In theory, if someone commits a crime then we catch them, convict them, and sentence them. The purposes of sentencing are, of course, those of prevention, retribution, rehabilitation and deterrence. Arguably, the most important of those is rehabilitation - the process of making it less likely that the criminal will re-offend once the sentence is complete. For prison sentences, we have a system in which the second half of the sentence is almost always not served, the prisoner being released on parole after demonstrating that he or she is no longer a threat to the community.

We also have the Criminal Records Bureau (the "CRB"). This acts to stop known offenders from taking up posts where their record of criminality indicates that they may pose a threat to the community if they take up the post in question.

There is a huge logical inconsistency in these two approaches. For anyone to show up on the CRB's records, they must have been convicted and sentenced. That means that they have completed a sentence that was, in part, designed both to rehabilitate them and to deter them from repeating their offence. If it was a prison sentence, then (in addition) they were released on parole after a parole board decided that they were no longer a threat to the community. So, release from prison indicates that the person is safe to return to the community, whereas the CRB was established precisely because such people are not safe to return to the community.

The existence of the CRB check is, therefore, an admission that our criminal justice system is a failure. It is an admission that, despite completing their sentence, the criminal concerned is still a risk.

Hypothetically, would it therefore not have been better to look more closely at our justice system? To see how it might be improved so that those who had completed their sentence were objectively unlikely to re-offend? I realise that this is no easy task, and is (to a great extent) a pipe dream, but who would say that the CRB is easy to administer and cheap to run?

Surely, the cost and effort of the CRB could be put to better use within the criminal justice system, making the array of CRB checks unnecessary?
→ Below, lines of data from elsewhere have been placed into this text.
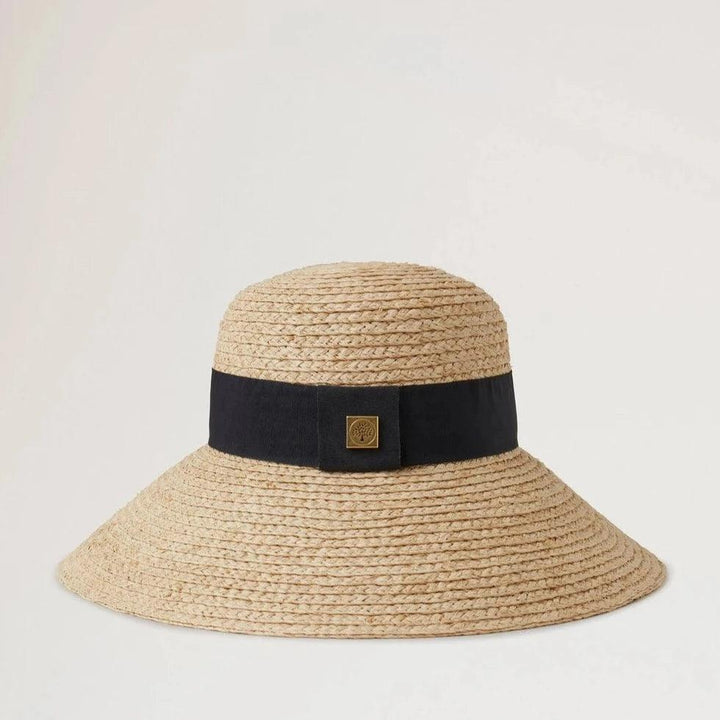 Mulberry Raffia Sun Hat Wide Brim zeigt einen naturfarbenen Strohhut mit einem breiten schwarzen Band. Modell VH4136060H120-001-1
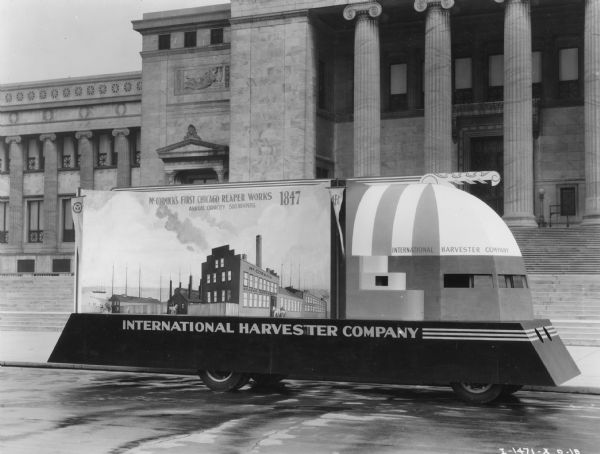 International Harvester Company parade float for the "A Century of Progress" Worlds Fair. This is the front section of the two-section float, and it is parked in front of the Field Museum and reads: "McCormick's First Chicago Reaper Works, 1847, Annual Capacity 500 Reapers."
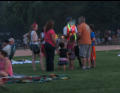Sue and Nora getting a glow stick.
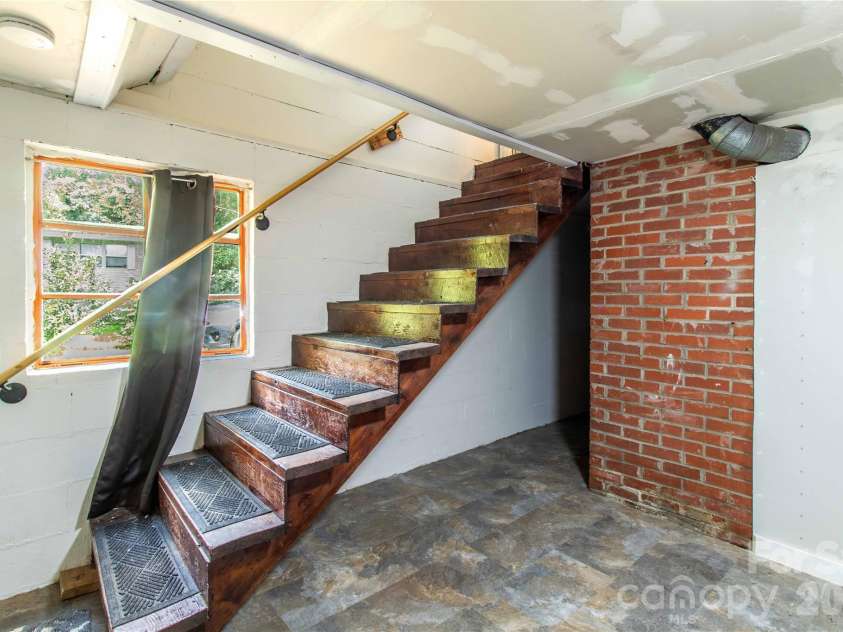875 Mills Gap Road, Fletcher, NC 28732.  MLS# CAR4416274, YatesRealty ID 46461.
A final note. Mrs P works in a field where CRB checks are routine - and I mean, literally, routine; each organisation for whom she works has a member of staff (usually paid, unlike Mrs P) who processes the CRB forms in batches. No-one ever seriously expects the CRB check to return with anything other than a clean bill of health. If any ever did, people would probably faint. This means that no-one seriously thinks that all of this administrative effort, all of this cost, all of this work by so many people, all of the lost opportunity (in the form of what other work these people could do, what other investment we could make with this money) will actually stop anyone taking up the position for which they are applying.

Now, I will readily agree that this could indicate that CRB checks are forming an effective deterrent. but that is a justification for some CRB checking, not universal CRB checking.

The CRB is, therefore, a monumental waste of money, time and effort. As such it is, truly, a testament to New Labour.


  1. "We also have the Criminal Records Bureau (the "CRB"). This acts to stop known offenders from taking up posts where their record of criminality indicates that they may pose a threat to the community if they take up the post in question. "

    Unless, of course, the chap who is subcontracting to the council announces that he's been cleared even though he's a nonce...

  2. An appaling story, Julia - another example of someone who sees procedures as more important than reality.